The technical manuals were about as useful as most of these things were. They were written for people who already knew everything. There was no “Flying For Dummies”. Every page was filled with jargon that was defined in pilot’s school back home. It was a mess. There was no way I could fly this damn thing.
"Staying alive for me is like surviving a train wreck."
It’s a terrible thing to be alone and not have anybody to talk to about a serious problem. It would have been nice just to give up, lie down and forget everything. It was tempting. But something kept me going.
I allowed myself to luxuriate in this misery for a short while. It wasn’t like losing valuable time. I couldn’t concentrate on the manuals until my mood changed.
I saw a plane miles away. It was going in the same direction. Over several minutes it got closer. I wondered if they were aware of my plane. But they had to be. These big planes all had radar. They couldn’t fly around without it.
The plane moved up to only a couple hundred yards away from us on my right and stayed in that position. It was a jet fighter. I understood. When my plane went off the air the airports must have noticed immediately. There must have been a lot of panic. ‘Theresa Hartley’s plane is missing!!!!!’ Panicked calls were made to Prime Minister Blair who hustled his jet fighters out to find the Hartley plane. And there they were. They were checking us out. I bet the pilot was looking at me with binoculars. The world was finding out something happened to everybody else and I was flying the plane. They had to know I didn’t know how to fly a kite. There must have been pandemonium at the airport. The media would go nuts over this.
His binoculars should be able to see my depressed attitude. ‘Theresa is giving up. Theresa has lost hope. Theresa wants to go back downstairs and wait for the end.’
The airport must have been screaming at him to stay with me. ‘Don’t let her quit. Keep her trying. Show her there’s hope.’

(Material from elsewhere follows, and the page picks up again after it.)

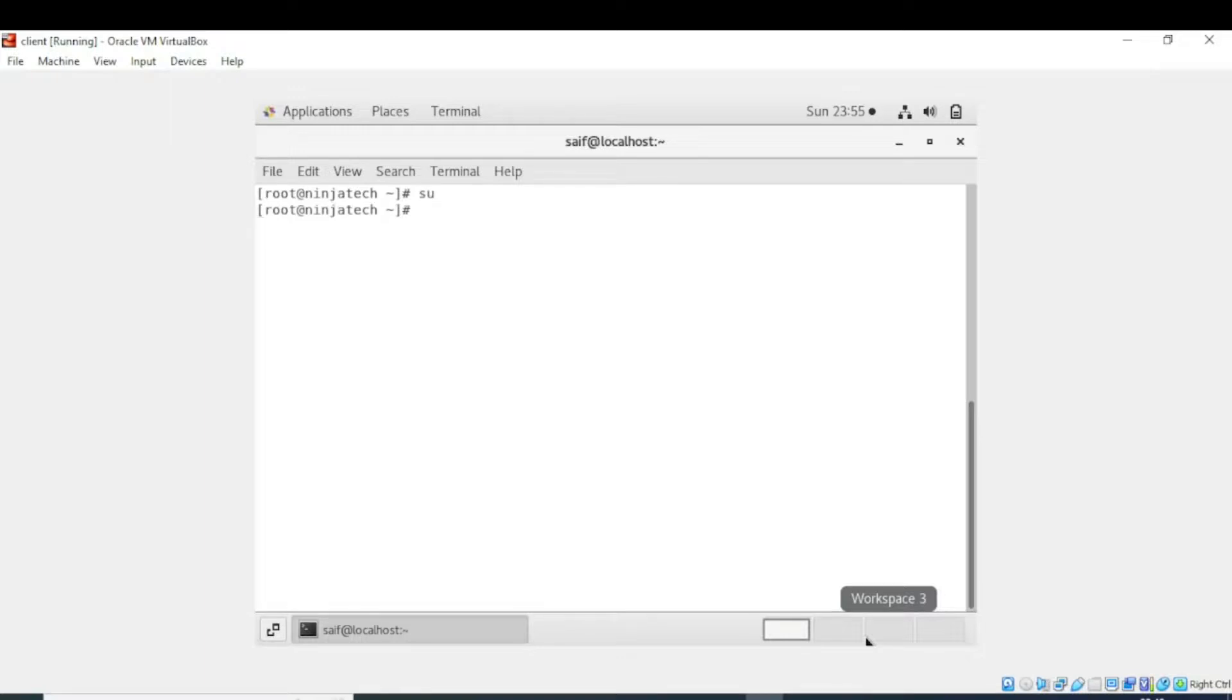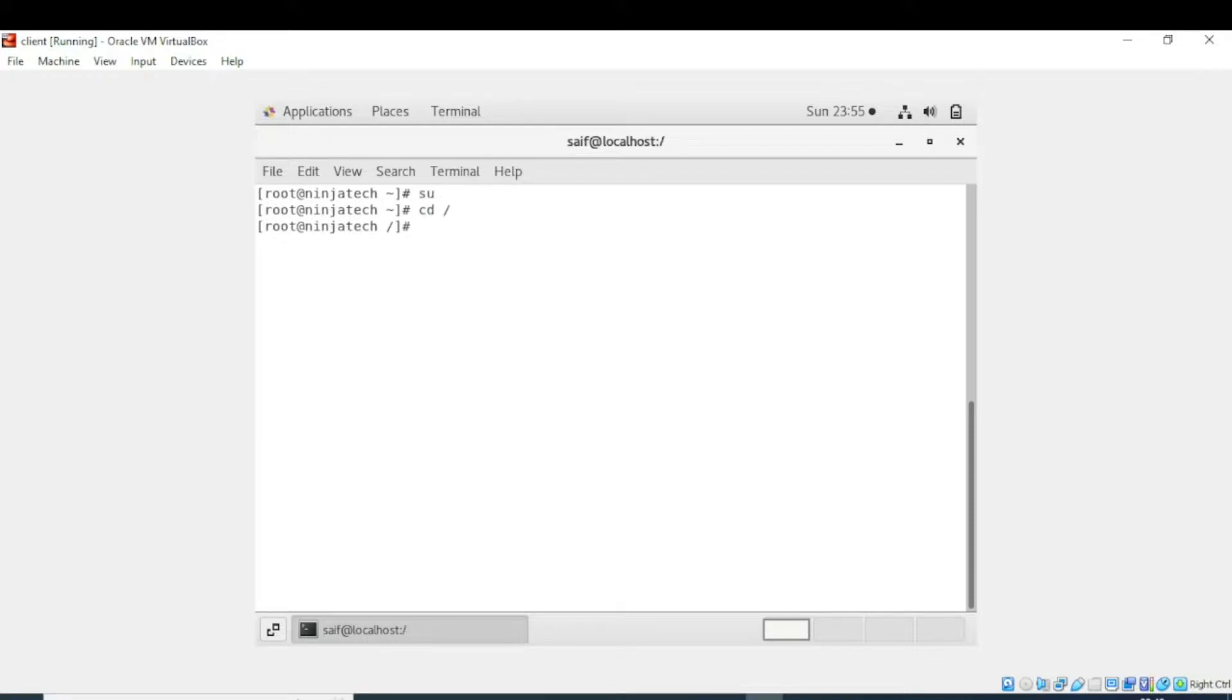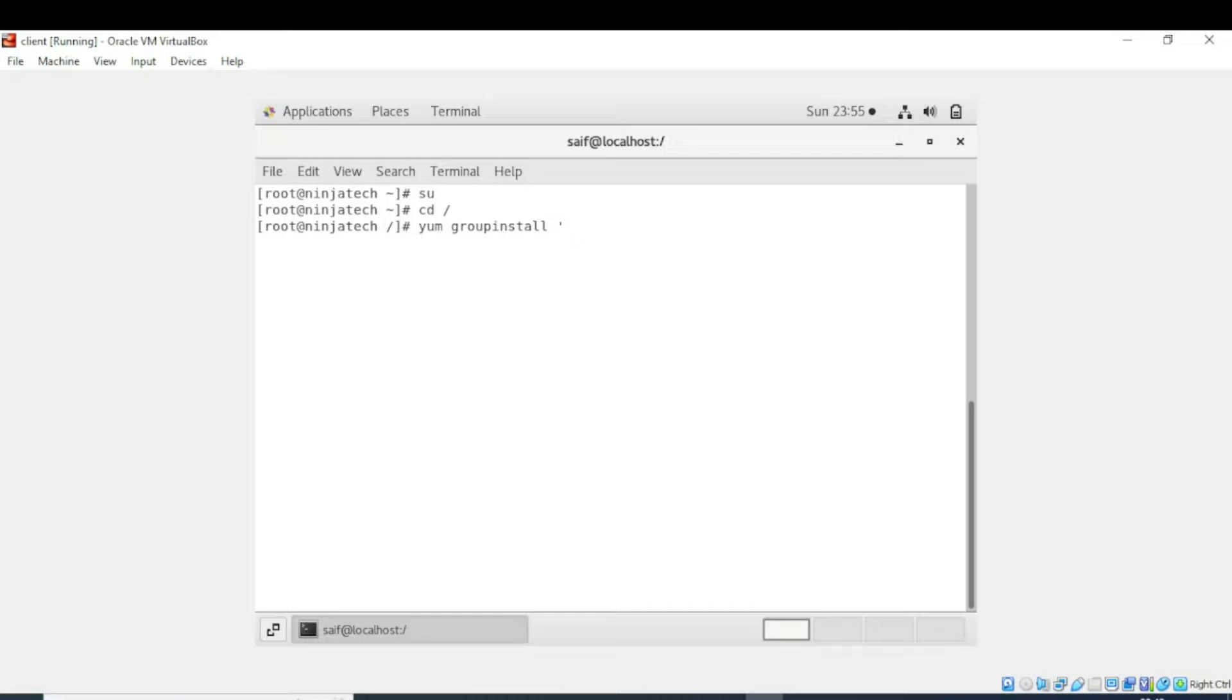For this purpose I have entered the command switch user or short form su. Now I am in the root directory. So now write yum group install, then the syntax is comma, then the name of the groups which you want to install, and then closing comma.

They understood me better than I did myself. If it weren’t for Steve I might have already given up. But I believed in something. And because I believed I didn’t have the luxury of giving up. I couldn’t abandon hope.
I waved to the plane and went back to the technical manuals.
I read for a while and learned a few things. I found the compass. It was scaled with two digit numbers. It currently was set on 23. What was that? I’d seen enough movies to know planes and ships used degrees for directions. Zero degrees was north. A hundred and eighty degrees was south. Two hundred and seventy degrees was west. 23 on the compass had to mean 230 degrees, or southwest, which made sense since we were going to New York and Europe was way up there level with Canada. There was one way to prove it. Change direction.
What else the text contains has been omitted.